FY2020 TRADING UPDATE
25 June 2020
Following the previous announcement on 27 April, Accent Group is delighted to announce that the
business has achieved a strong FY2020 result. First and foremost, we recognise the contribution of
our team, customers, and supplier and landlord partners in supporting the Company to achieve this
result through a very challenging period.
• FY2020 EBITDA1
is now expected to be around 10% above the $108.9m achieved in FY2019
• As at week 51 (w/e 21 June):
- Total year to date sales (including TAF franchisee sales) for FY2020 of $923m
- Adjusted Like for Like Sales2
for FY2020, up 1.6%
- Digital sales April - June up 150% to LY
Digital sales have continued to strengthen. May was a record month for Digital with a new daily
record of over $2m during Click Frenzy. This was achieved at the same time as all our stores were
trading and open for business. Digital sales for the month of May were $29m. In June, Digital sales
represented 23% of total sales.
The digital infrastructure that Accent Group has built over the last three years has ensured that
record customer numbers and deliveries could be managed from our digital platform with significant
additional capacity and scalability still available.

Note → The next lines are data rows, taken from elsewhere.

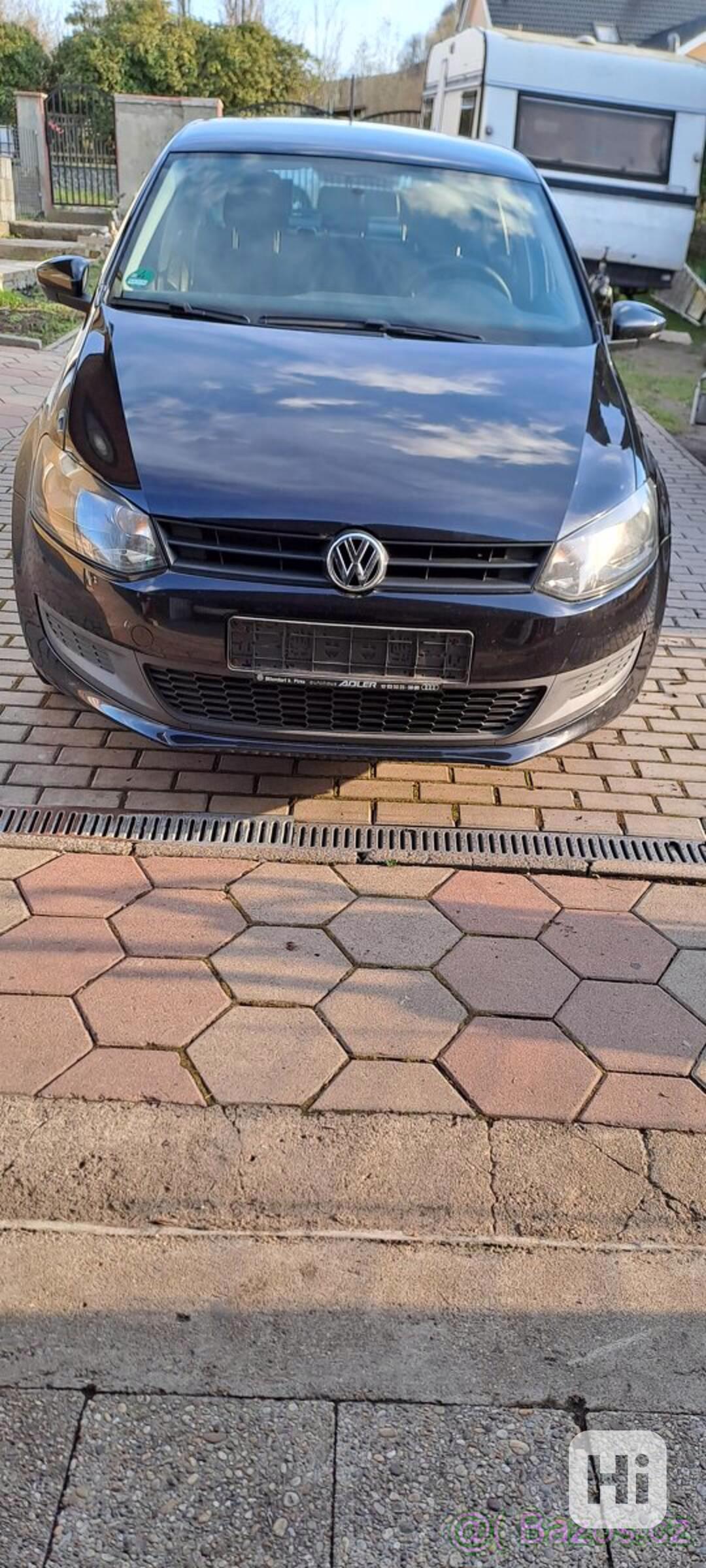 Volkswagen Polo  - foto 1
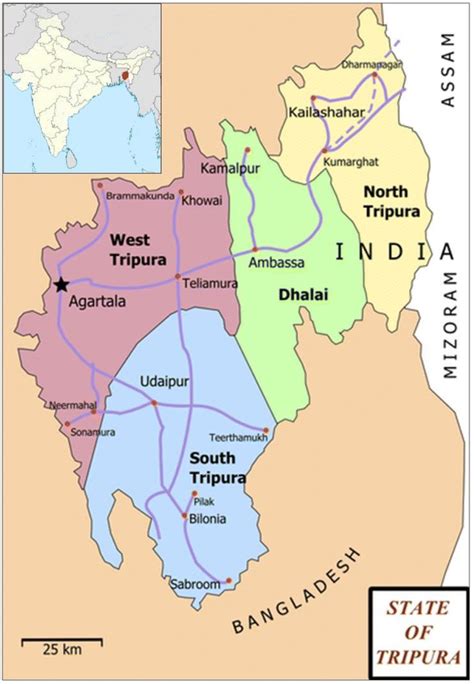 Review of Status of Tribal Women in Tripura by Malbika Das Gupta | Pastoralism | Full Text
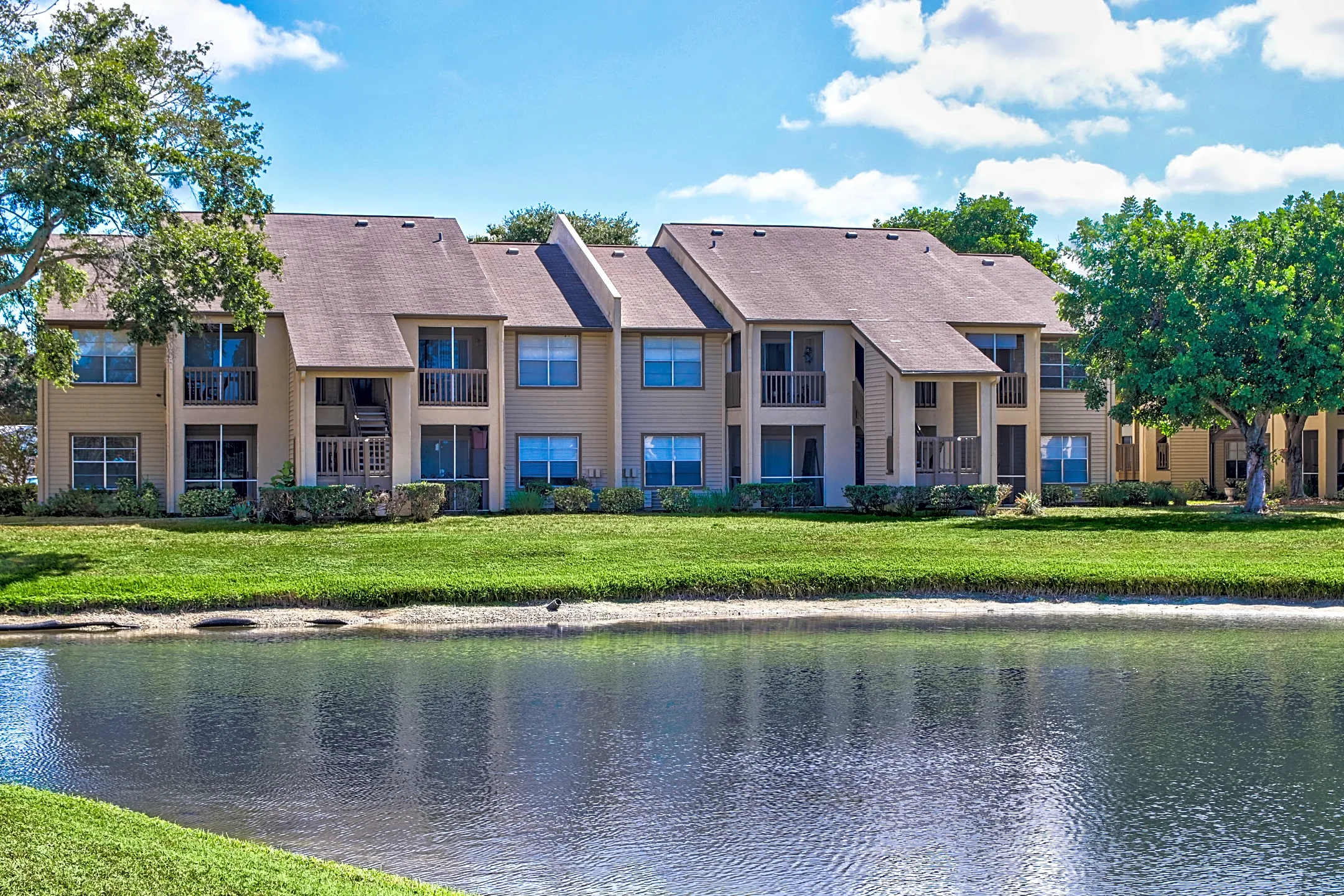 Harbor Pointe Apartments Orlando Fl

Accent Group CEO, Daniel Agostinelli said “The strong trading performance over the last 2 months
driven by digital has been well ahead of expectations. It is clear that there has been a seismic and
most likely enduring shift in consumer behaviour. With 18 websites and our leading digital capability,
Accent Group is capitalising on this trend. Through this period Accent has attracted many new
customers online who have never shopped with us before. We will continue to drive digital growth as
the number one priority in our company.”
All stores now open
We closed all our stores on 27 March. On 27 April we announced the Group’s plan to progressively
re-open all its more than 500 store network to customers through the month of May. All Australian
stores had re-opened for trade by 11 May and New Zealand stores reopened on 22 May. This was
enabled by the Jobkeeper program in Australia and the New Zealand wage subsidy scheme, which
allowed us to bring our stores team back to work and to get trading in all stores despite centre traffic
and store originated sales continuing to be well down. The safety of our customers and teams has
1 Unaudited EBITDA on a comparable basis to the pre AASB16 reported EBITDA for FY2019 of $108.8m
Includes The Athlete’s Foot franchise stores, excludes stores that were closed in April
remained paramount. The new safety protocols that were implemented as our stores reopened are
working well and have been well received by our team and customers.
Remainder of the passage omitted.